* [Given data]
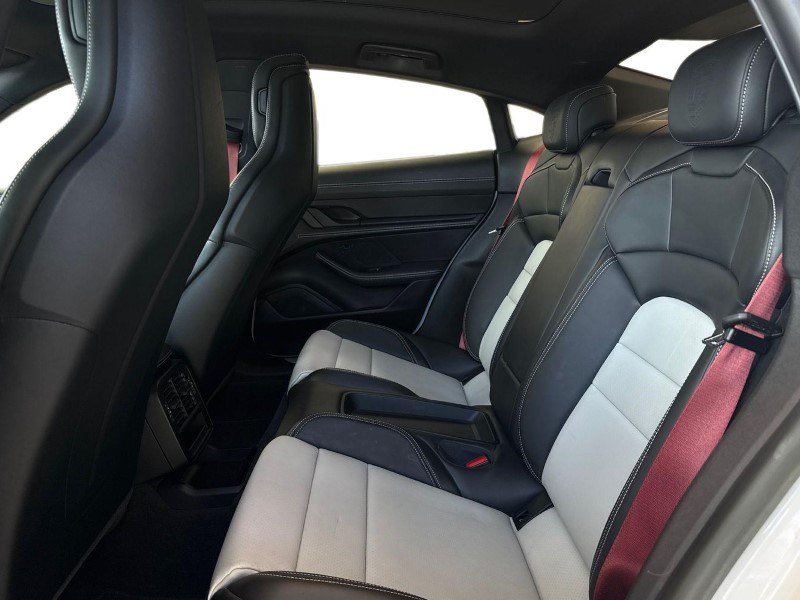 2022 (72) PORSCHE TAYCAN 420kW 4S 93kWh 4dr Auto 5225743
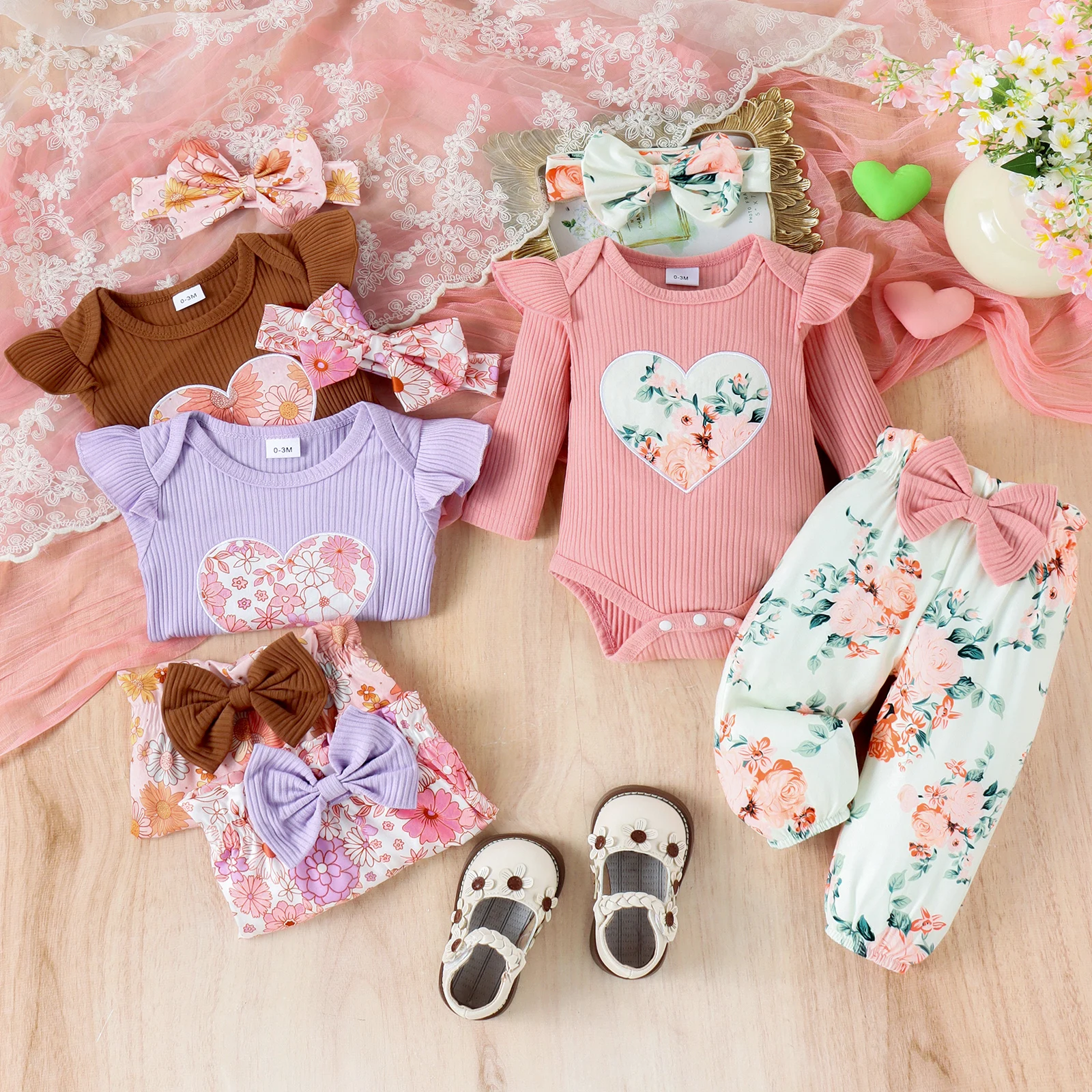 2PCS Autumn New Style For 0-1 Year Old Girls Casual Round Collar, Multi-Color Pit Strip, Love Printed Top + Printed Trousers
2PCS Autumn New Style For 0-1 Year Old Girls Casual Round Collar, Multi-Color Pit Strip, Love Printed Top + Printed Trousers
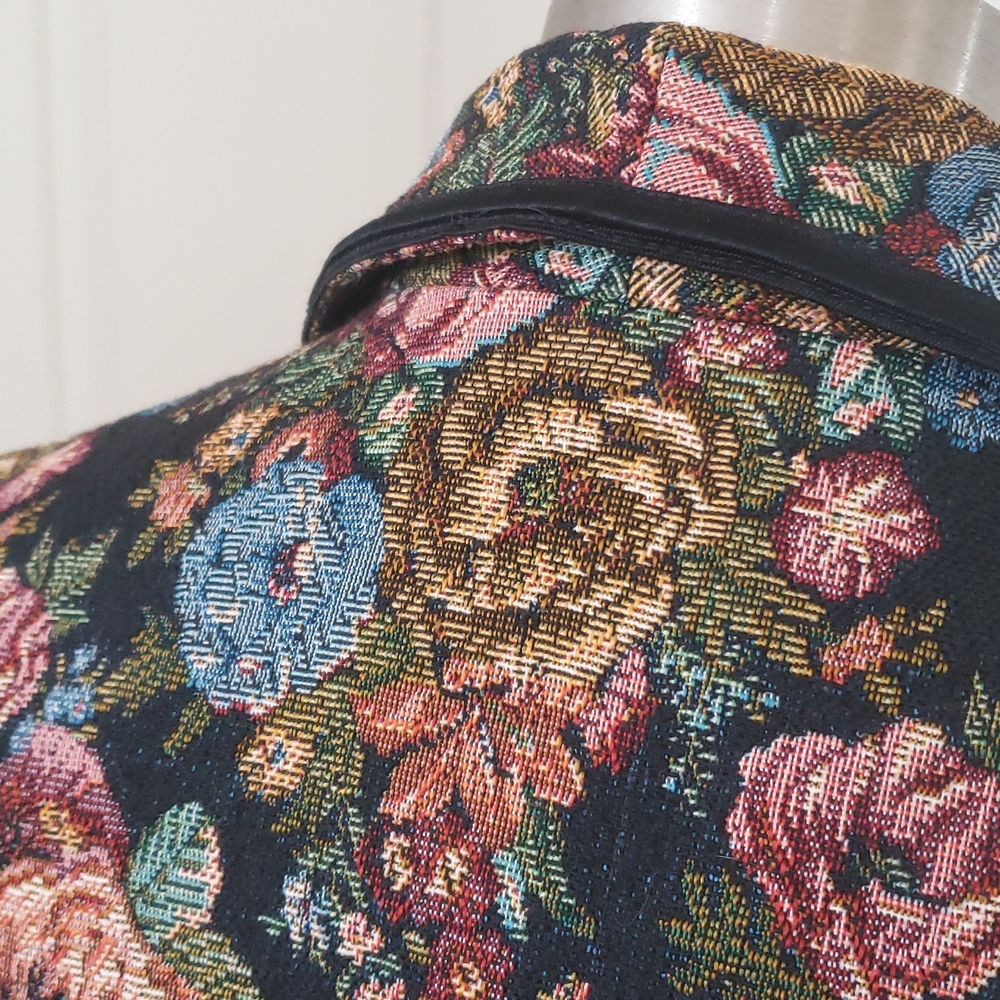 Vintage 80s Tapestry Black Floral Blazer Jacket Cottagecore Grandmacore | SIZE 6 - Picture 9 of 15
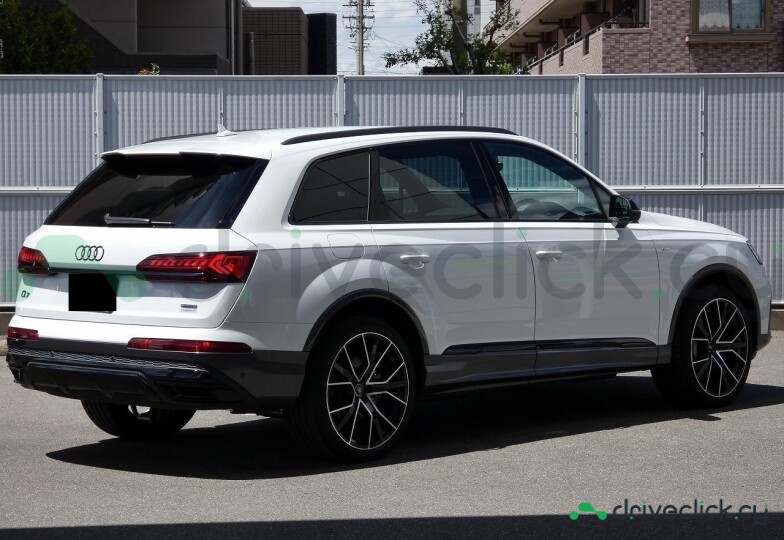 Audi Q7 White
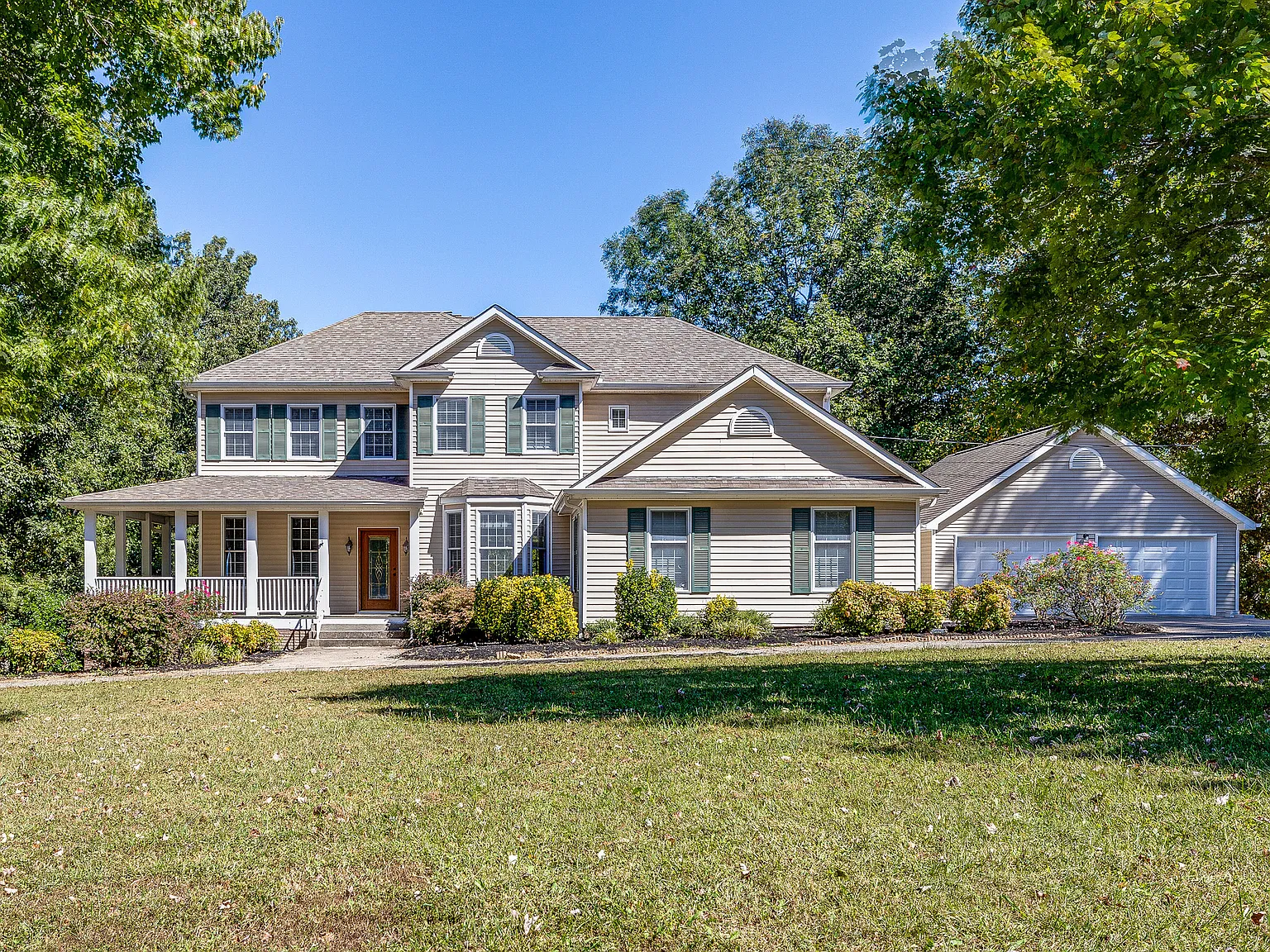 454 Beechwood Cir — Photo 2
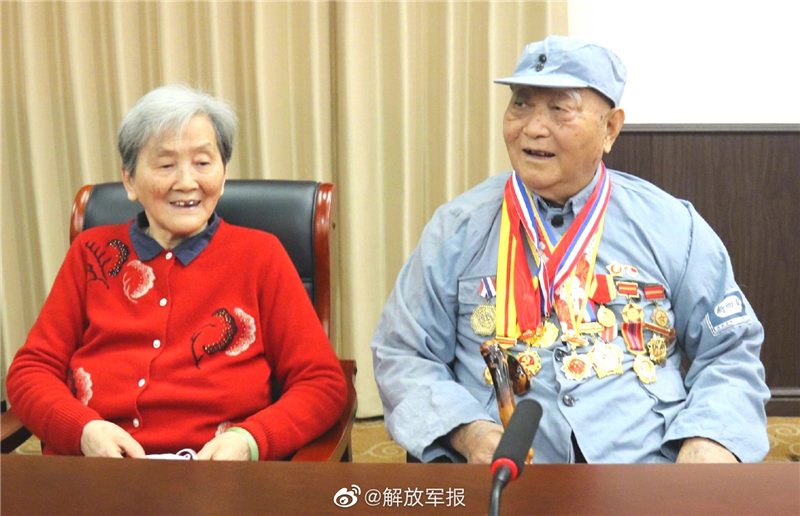 感動(dòng)！這場(chǎng)相聚讓“冰雕連”老戰士哽咽落淚-云南能投軍創(chuàng  )產(chǎn)業(yè)投資有限公司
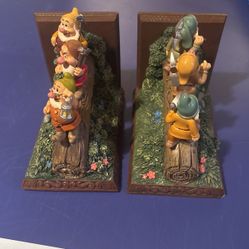 Snow White and the Seven Dwarfs Heirloom Bookends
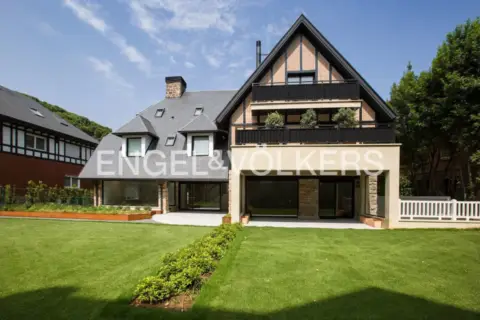 Dúplex en calle Santiago Zabala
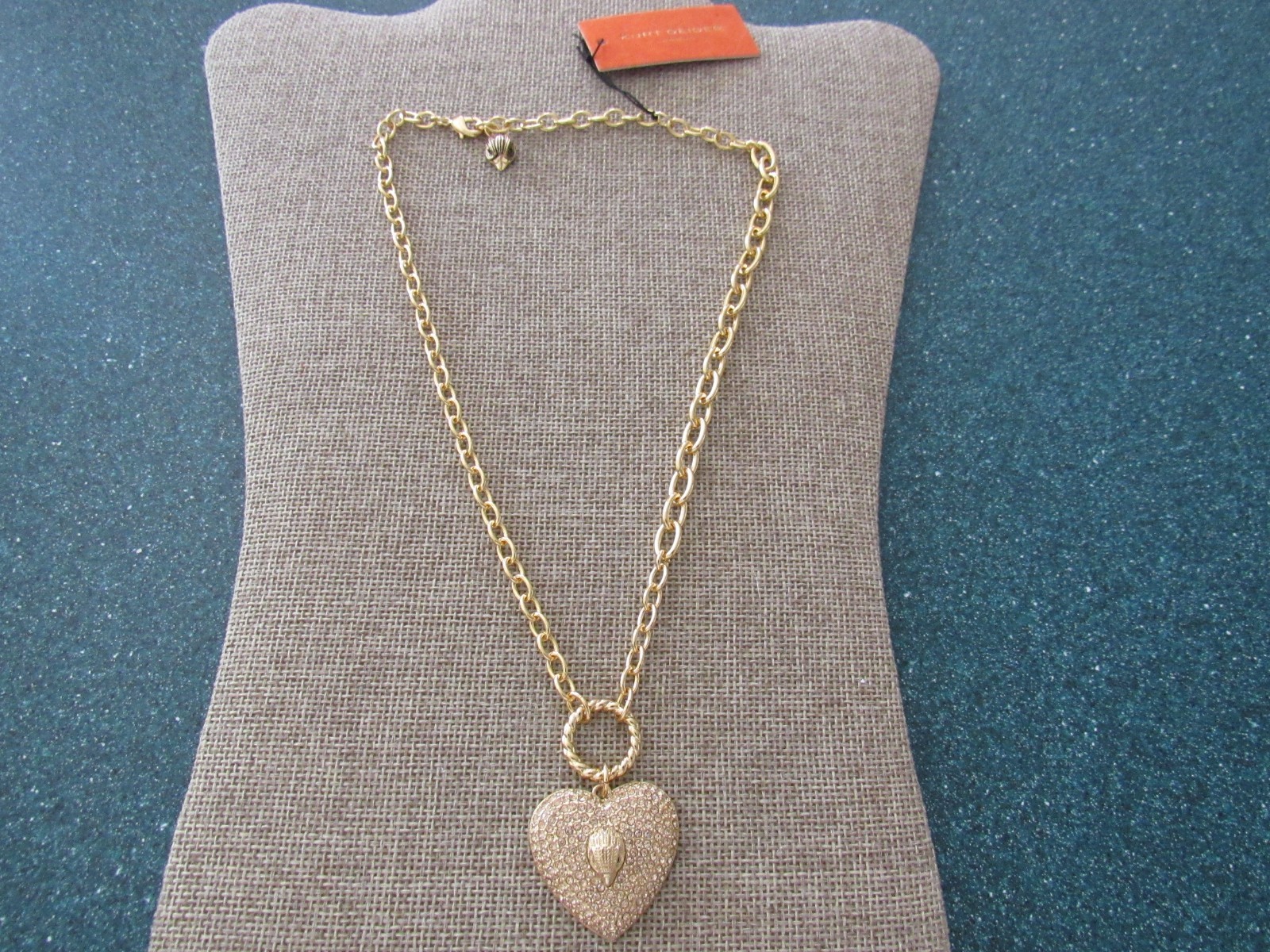 KURT GEIGER LONDON GOLD TONE link CHAIN CHRYSTAL HEART NECKLACE NWT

* [What the task asks] What is needed is an exact copy of all the records, minus any pictures.

* [Solution to the problem]
 2022 (72) PORSCHE TAYCAN 420kW 4S 93kWh 4dr Auto 5225743
 2PCS Autumn New Style For 0-1 Year Old Girls Casual Round Collar, Multi-Color Pit Strip, Love Printed Top + Printed Trousers
2PCS Autumn New Style For 0-1 Year Old Girls Casual Round Collar, Multi-Color Pit Strip, Love Printed Top + Printed Trousers
 Vintage 80s Tapestry Black Floral Blazer Jacket Cottagecore Grandmacore | SIZE 6 - Picture 9 of 15
 Audi Q7 White
 454 Beechwood Cir — Photo 2
 感動(dòng)！這場(chǎng)相聚讓“冰雕連”老戰士哽咽落淚-云南能投軍創(chuàng  )產(chǎn)業(yè)投資有限公司
 Snow White and the Seven Dwarfs Heirloom Bookends
 Dúplex en calle Santiago Zabala
 KURT GEIGER LONDON GOLD TONE link CHAIN CHRYSTAL HEART NECKLACE NWT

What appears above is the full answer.